To make the space more useful for all students across campus, Featherston said there has been discussion about possibly making an outdoor classroom area or even hammocks like Hunyadi mentioned.
Another feature added to the courtyard is a compost pile. Featherston said the group is composting everything they pull up and everything that comes out of the greenhouses as well.
The courtyard will also be getting a new addition come the spring time. “I joined the New England Wild Flower Society and they have a project where they want to put two pollinator gardens in every state and I applied to be a site and we were chosen. In the spring, they are going to come put in this pollinator garden and there will be a whole workshop about it and it’ll be open to anyone who wants to come to that,” Featherston said.
Featherston said the project has been great and students are excited about it. She said, “I think it’s going strong, it has a great future. It could provide many years of things for students.”

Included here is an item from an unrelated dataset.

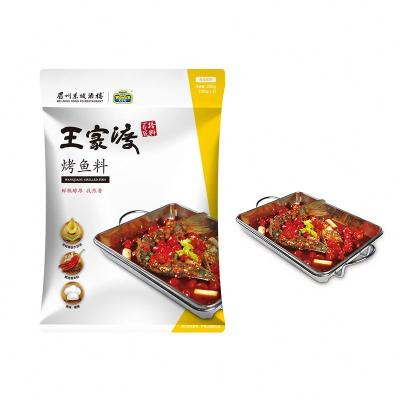 China Chinese Traditional Flavor Delicious Healthy Halal Meat Cooking Fish Seasoning Condiment ML8 for sale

Flynn said in a phone interview she picked up this project from a former student, Andy Marion, who initially started this all. “It was mostly just plans, so we were able to follow those plans. I was really the community organizer trying to teach people about it and getting people excited about growing plants. I came in and took Andy’s plans with two other students; it was my senior seminar project last year. We were able to get those plans in motion and actually put plants in the ground,” Flynn said.
She said the importance of this project is at an all time high and not only for ecological reasons. Flynn said, “Growing your own food and knowing how to do that is a skill that humans have been practicing since we called ourselves civilized and it’s kind of been forgotten; our food systems aren’t seen anymore.”
All students on campus being able to use this courtyard and garden is important, according to Flynn. She said, “The idea of this garden was kind of founded on the principle of a community garden, bringing people together, so a safe space. It was built on everyone is welcome, everyone has a fair say.”